Power system stability enhancement employing controllers based on a versatile modeling

Abstract

Rapid advances in power electronics have made it both practicable and economic to design powerful thyristor-controlled devices, such as Flexible AC Transmission Systems (FACTS), for stability enhancements. The discrepancies of existing modeling approaches have limited the feasibility of handling these devices or designing its damping controller. In this thesis, a versatile and generalized approach to model standard power system components is proposed. The more systematic and realistic representation, accompanied by the development of powerful eigenvalue-analysis techniques, facilitates the study of small signal stability (monotonic and oscillatory) of the power systems.
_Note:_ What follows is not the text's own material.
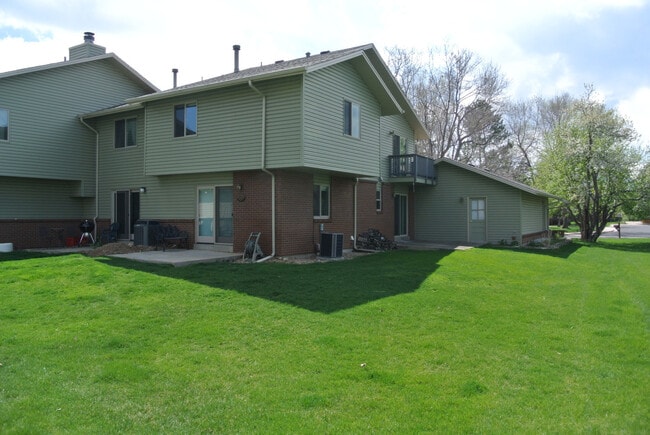 Building Photo - Boulder Townhome 3 bed, 2.5 bath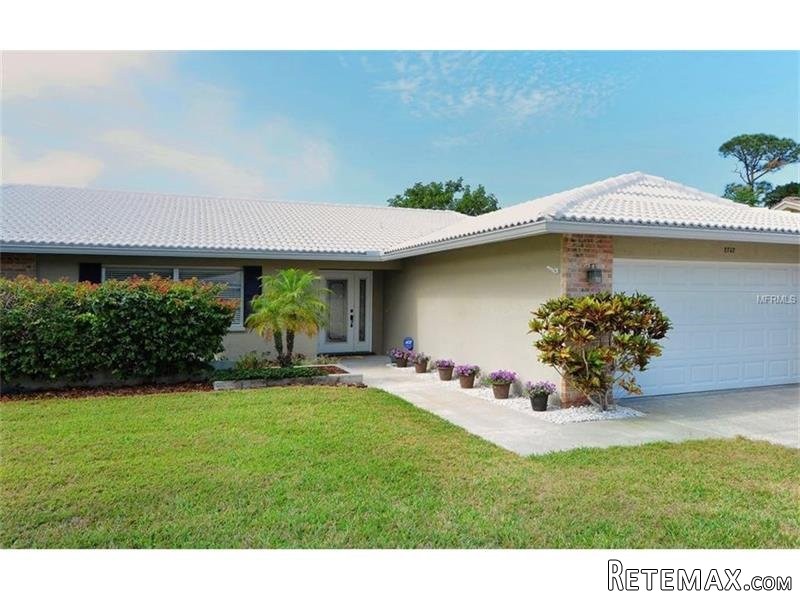 3 bedroom House For Sale: 2732 Coventry.. - 2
In monotonic stability study, the effect of exciter and governor is critically reviewed based on the exploitation of eigenvalues, modal and sensitivity analyses over a wide range of operating conditions. In oscillatory stability study, a common FACTS device, the static var compensator (SVC), is used to improve system damping. This study reveals the inadequacy of many conventional methodologies in SVC design since they have ignored (or cannot handle) some important factors such as SVC mode instability and robustness of the power system. Two approaches, combined sensitivities and H∞ algorithms, are introduced to solve these limitations. Finally, an extended H∞ algorithm, which is applied to PSS design and successfully solves certain limitations of the existing H∞ based PSS design, is also presented. Although these studies are developed on selected controller devices or typical systems for convenience of discussion, extension to more complex systems can be dealt with in a similar way because of the versatility of the proposed modeling methodology.